Theodore “Ted” T'so, another top Linux kernel developer, added “instead of the desktop developers from only paying attention to the kernel's attitude towards internal interfaces, and IGNORING the kernel developer's attitude towards external interfaces used by applications --- and then taking the wrong lesson by focusing on the wrong thing. May I suggest that this is totally and wholly the GNOME developer's fault? The fact is that we've always had the attitude of You Will Never Break Applications has been a hard and fast rule for decades, and we have reverted kernel changes when breakage has been discovered.”
But, there was more to it than development style, de Icaza stated, “The second dimension to the problem is that no two Linux distributions agreed on which core components the system should use. Either they did not agree, the schedule of the transitions were out of sync or there were competing implementations for the same functionality.”
De Icaza continued, “The efforts to standardize on a kernel and a set of core libraries were undermined by the Distro of the Day that held the position of power. If you are the top dog, you did not want to make any concessions that would help other distributions catch up with you. Being incompatible became a way of gaining market share. A strategy that continues to be employed by the 800 pound gorillas in the Linux world.”
To this, Alan Cox, a leading Linux developer replied, “That made me laugh. There was KDE and Miguel then came along and created the very confusion he's ranting about. … He's dead right about the way the Gnome people keep breaking their compatibility every time not just with the apps but with the UI, with the config (which is still worse now than in Gnome 1.x !) and so on. However it's not an Open Source disease its certain projects like Gnome disease “
Torvalds agreed, “Some gnome people seem to be in total denial about what their problem really is. They'll wildly blame everybody except themselves. This article seems to be a perfect example of that."
Be that as it may, de Icaza, argued that both factors “killed the ecosystem for third party developers trying to target Linux on the desktop. You would try once, do your best effort to support the "top" distro or if you were feeling generous 'the top three' distros. Only to find out that your software no longer worked six months later.” On the Google+ thread, de Icaza added, “Supporting Linux desktop for proprietary software developers is just too expensive and the market is both small and deeply fragmented.”
In his article, he continued, “we missed the big picture. We alienated every third party developer in the process. The ecosystem that has sprung to life with Apple's OS X AppStore is just impossible to achieve with Linux today.”

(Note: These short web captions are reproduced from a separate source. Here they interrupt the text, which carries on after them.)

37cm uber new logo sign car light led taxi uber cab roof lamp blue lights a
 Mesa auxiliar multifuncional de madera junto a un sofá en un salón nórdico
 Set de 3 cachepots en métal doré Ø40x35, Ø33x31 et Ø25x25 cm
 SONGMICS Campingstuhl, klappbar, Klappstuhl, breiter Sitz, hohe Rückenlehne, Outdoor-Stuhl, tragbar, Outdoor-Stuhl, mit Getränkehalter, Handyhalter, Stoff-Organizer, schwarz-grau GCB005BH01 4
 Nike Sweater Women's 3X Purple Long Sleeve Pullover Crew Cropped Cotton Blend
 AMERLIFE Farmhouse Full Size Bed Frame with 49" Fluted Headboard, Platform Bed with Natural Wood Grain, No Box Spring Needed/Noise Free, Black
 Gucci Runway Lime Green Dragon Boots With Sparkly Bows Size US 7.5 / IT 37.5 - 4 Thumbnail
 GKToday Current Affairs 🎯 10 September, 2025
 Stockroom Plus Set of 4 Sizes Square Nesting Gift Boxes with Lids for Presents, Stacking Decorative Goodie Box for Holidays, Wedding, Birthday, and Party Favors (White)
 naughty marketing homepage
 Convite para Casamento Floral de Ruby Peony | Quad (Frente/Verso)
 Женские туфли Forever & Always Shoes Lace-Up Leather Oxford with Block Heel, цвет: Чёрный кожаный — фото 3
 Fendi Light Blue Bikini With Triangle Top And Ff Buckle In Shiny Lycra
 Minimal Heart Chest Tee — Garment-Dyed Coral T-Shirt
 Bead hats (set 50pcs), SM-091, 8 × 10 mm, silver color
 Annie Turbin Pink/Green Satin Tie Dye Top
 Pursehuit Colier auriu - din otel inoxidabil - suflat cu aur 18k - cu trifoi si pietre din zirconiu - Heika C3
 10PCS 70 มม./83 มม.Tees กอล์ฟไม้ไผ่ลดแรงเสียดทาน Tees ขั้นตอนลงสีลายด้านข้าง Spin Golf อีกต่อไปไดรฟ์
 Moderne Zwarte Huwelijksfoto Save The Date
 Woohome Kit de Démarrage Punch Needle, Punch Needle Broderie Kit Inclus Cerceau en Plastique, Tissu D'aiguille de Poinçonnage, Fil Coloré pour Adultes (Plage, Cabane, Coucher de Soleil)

Today, de Icaza is a Mac OS X fan. In an addition to his article, de Icaza wrote, that “the various Linux on the desktops are the best they have ever been. Ubuntu and Unity, Fedora and GnomeShell, RHEL and Gnome 2, Debian and Xfce plus the KDE distros. And yet, we still have four major desktop APIs, and about half a dozen popular and slightly incompatible versions of Linux on the desktop: each with its own curated OS subsystems, with different packaging systems, with different dependencies and slightly different versions of the core libraries.”
Is there an answer? A way for Linux to become popular on the desktop? De Icaza opined, “The only way to fix Linux is to take one distro, one set of components as a baseline, abandon everything else and everyone should just contribute to this single Linux. Whether this is Canonical's Ubuntu , or Red Hat's Fedora or Debian's system or a new joint effort is something that intelligent people will disagree until the end of the days.”